Assumed liabilities are the obligations the assignee agrees to perform after the effective date of the assignment, which typically include all post-closing performance obligations under the assigned contracts. Excluded liabilities are the obligations the assignor retains and the assignee does not accept, including pre-closing breaches, product liability claims arising from pre-closing sales, pre-closing employee benefit obligations, and pre-closing tax liabilities. The distinction is entirely a matter of contract drafting: courts will enforce the parties' definitions of assumed and excluded liabilities as written, with ambiguous language construed against the assuming party. A buyer who fails to clearly exclude specific pre-closing liability categories may find those liabilities have been assumed by implication.



Do Copyright Assignments Need to Be in Writing?


Yes, federal copyright law at 17 U.S.C. § 204(a) requires that any transfer of copyright ownership, including exclusive licenses, be in a written instrument signed by the owner of the rights being conveyed. There are no exceptions for oral agreements, industry custom, or prior course of dealing. An oral agreement to assign copyright, a handshake, or conduct that clearly demonstrates the parties' intent to transfer ownership is not sufficient to create a valid copyright transfer under federal law. The only exception is for non-exclusive licenses, which do not require a writing. An attorney who handles commercial contracts and IP assignment matters can ensure that copyright, trademark, and patent assignment documents satisfy the applicable statutory formality requirements.



How Does an Assignment and Assumption Agreement Function in a Commercial Lease Transfer?


In a commercial lease transfer, the assignment and assumption agreement identifies the specific lease being assigned, names the assignor tenant and the assignee who is stepping into the tenant position, specifies the effective date of the transfer, includes the assignee's assumption of all lease obligations from the effective date, and may or may not include the assignor's release from ongoing liability depending on whether the landlord agrees to release the original tenant.
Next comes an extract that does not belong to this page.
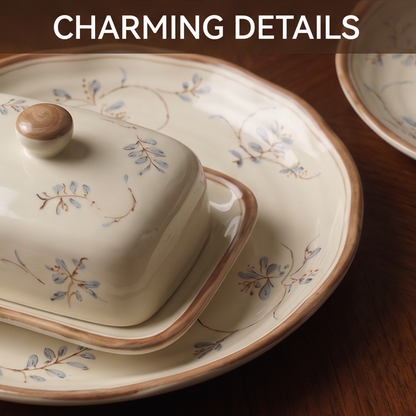 CASNELA stacked plates and bowls in two sizes showing warm brown rim and hand-painted botanical pattern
Most commercial leases require the landlord's prior written consent to any assignment, and the landlord's consent form typically includes the landlord's acknowledgment of the assignment, any conditions on consent, and the landlord's position on whether the original tenant remains liable after the assignment. An attorney who handles commercial lease agreements and lease assignment transactions matters can negotiate the landlord consent and structure the assignment to achieve the parties' intended allocation of ongoing lease liability.